→ **MATERIAL TO PROCESS**
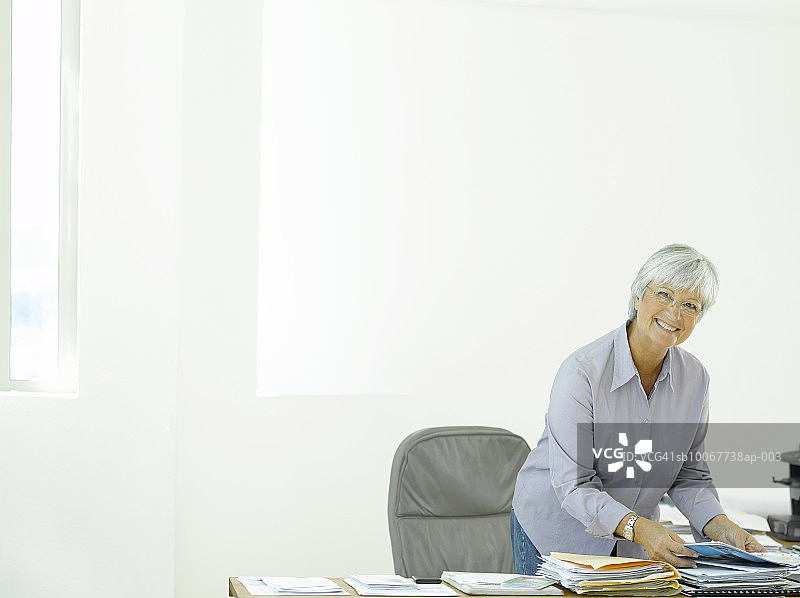 在办公室整理文件的商务女人图片素材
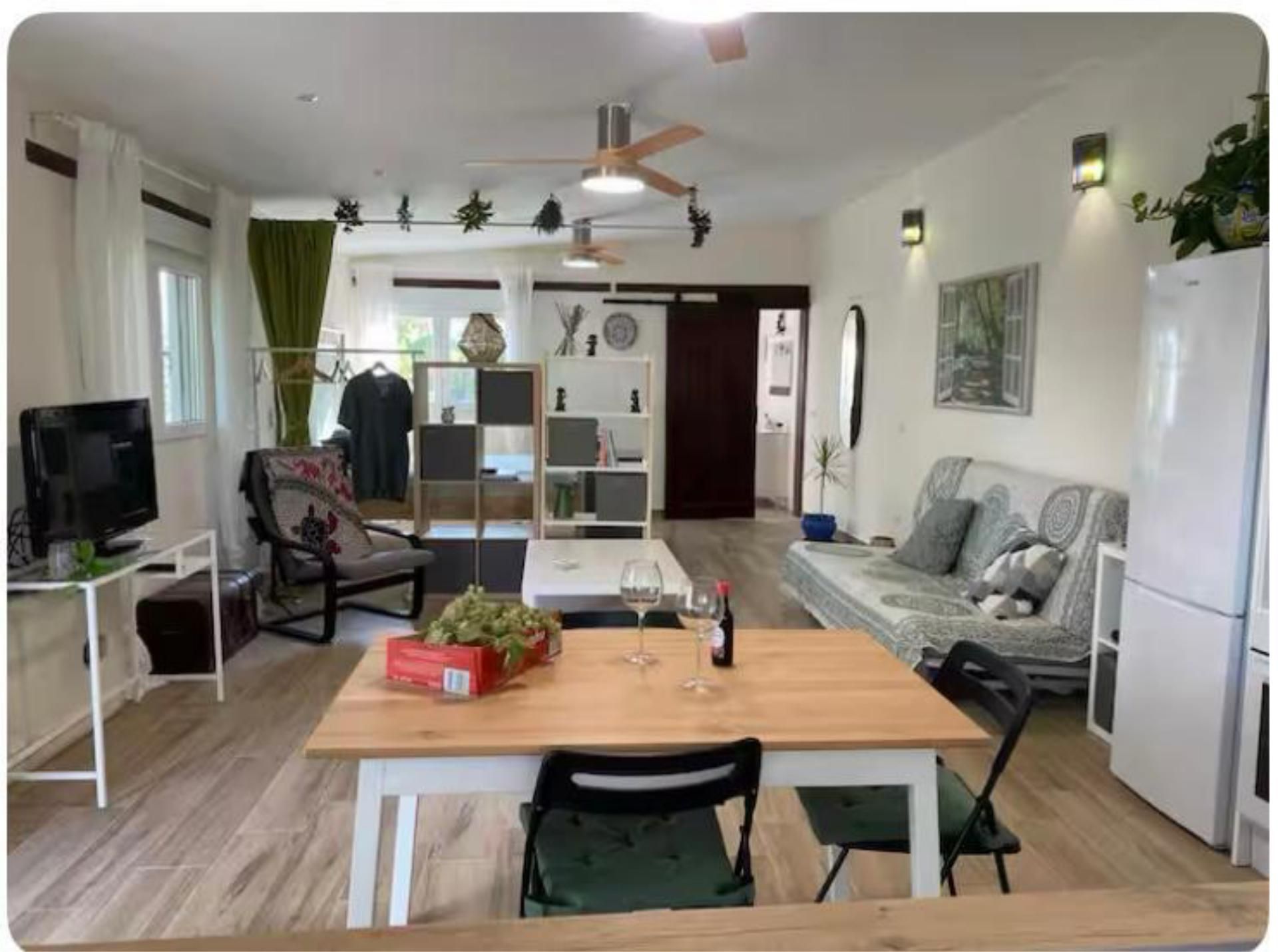 Wohnzimmer von Loft miete in Coria del Río mit Schwimmbad und Möbliert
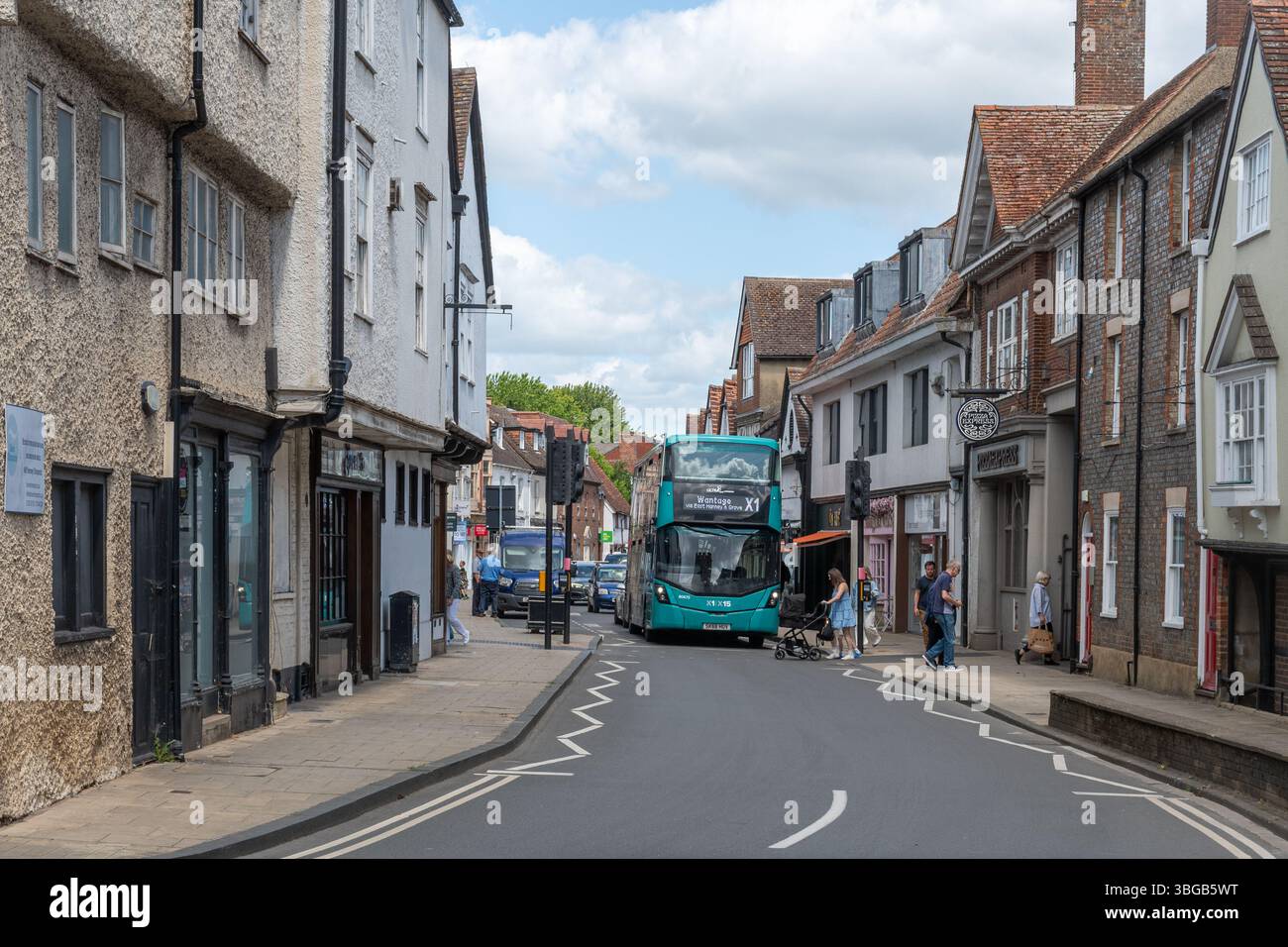 Visita Stert Street nel centro di Abingdon, Oxfordshire, Inghilterra, Regno Unito, con un autobus Foto Stock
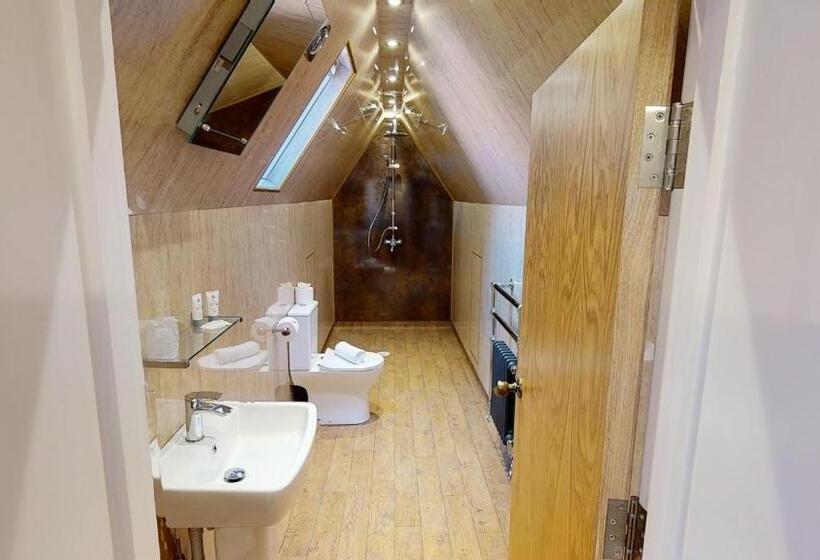 Номер Стандарт, Marine Lodge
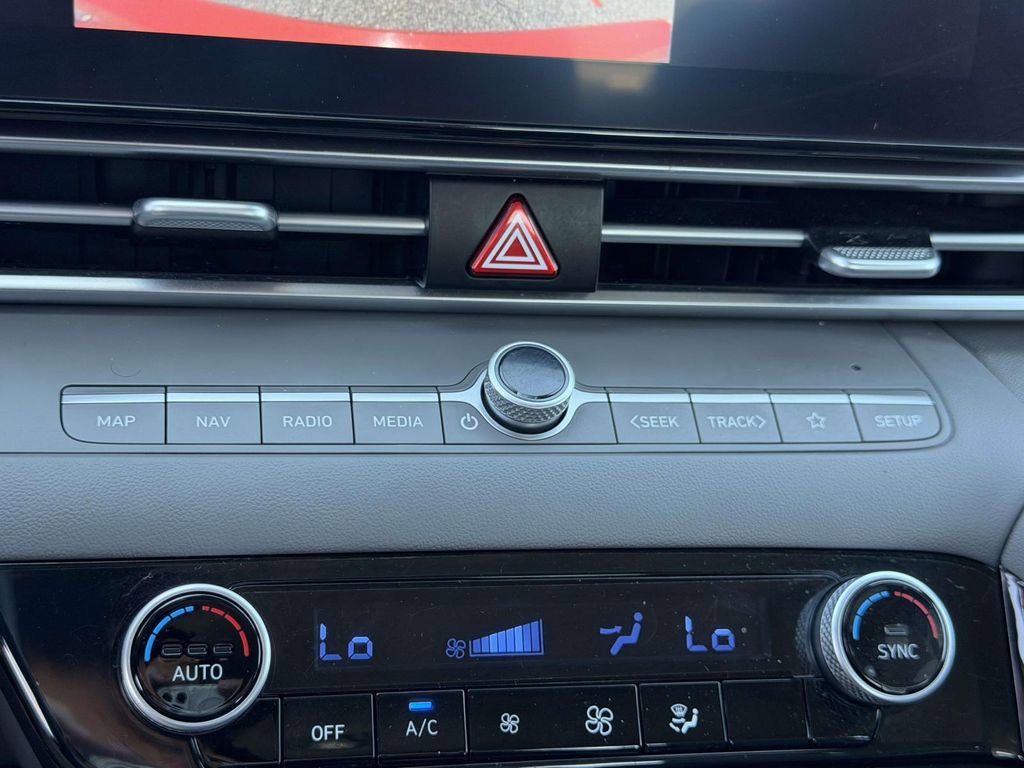 Certified 2023 Hyundai Elantra SEL w/ Convenience Package FWD image 29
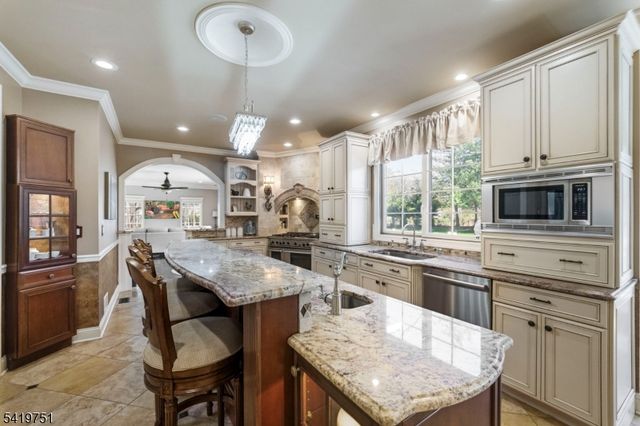 28 Woodshire Ter, Montville Twp., NJ 07082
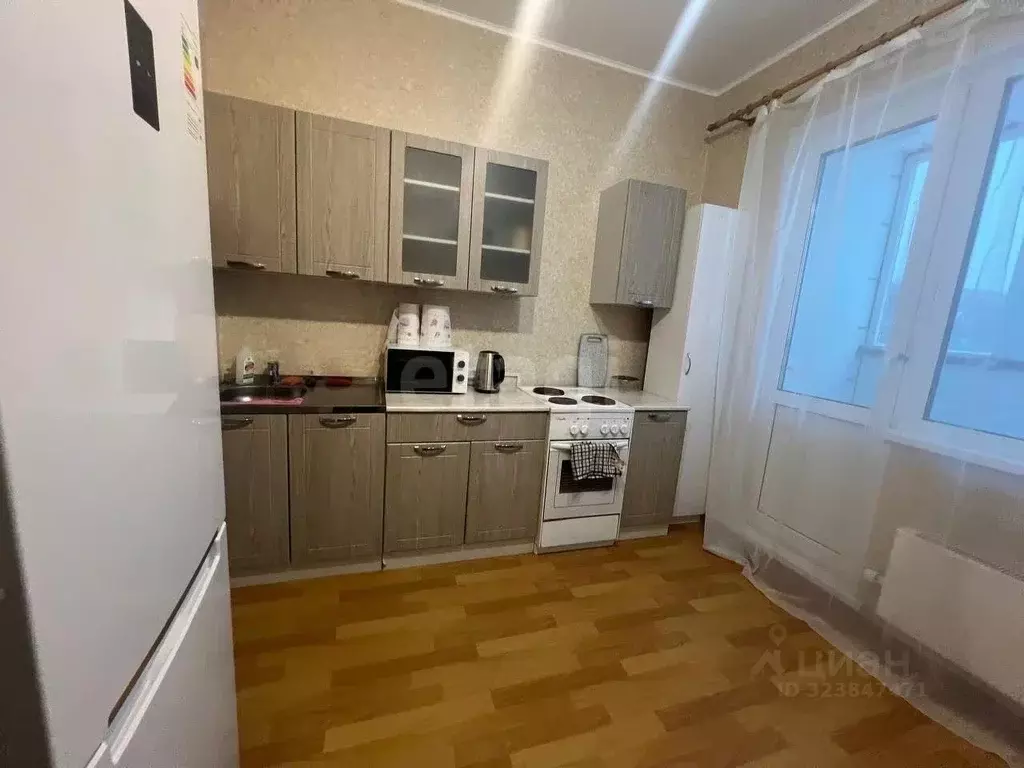 Студия Ханты-Мансийский АО, Сургут ул. Замятинская, 11/1 (36.1 м) - Фото 1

→ **WHAT IS BEING ASKED**
The answer is a faithful copy of the records above, with the pictures removed.

→ **WRITTEN SOLUTION**
 在办公室整理文件的商务女人图片素材
 Wohnzimmer von Loft miete in Coria del Río mit Schwimmbad und Möbliert
 Visita Stert Street nel centro di Abingdon, Oxfordshire, Inghilterra, Regno Unito, con un autobus Foto Stock
 Номер Стандарт, Marine Lodge
 Certified 2023 Hyundai Elantra SEL w/ Convenience Package FWD image 29
 28 Woodshire Ter, Montville Twp., NJ 07082
 Студия Ханты-Мансийский АО, Сургут ул. Замятинская, 11/1 (36.1 м) - Фото 1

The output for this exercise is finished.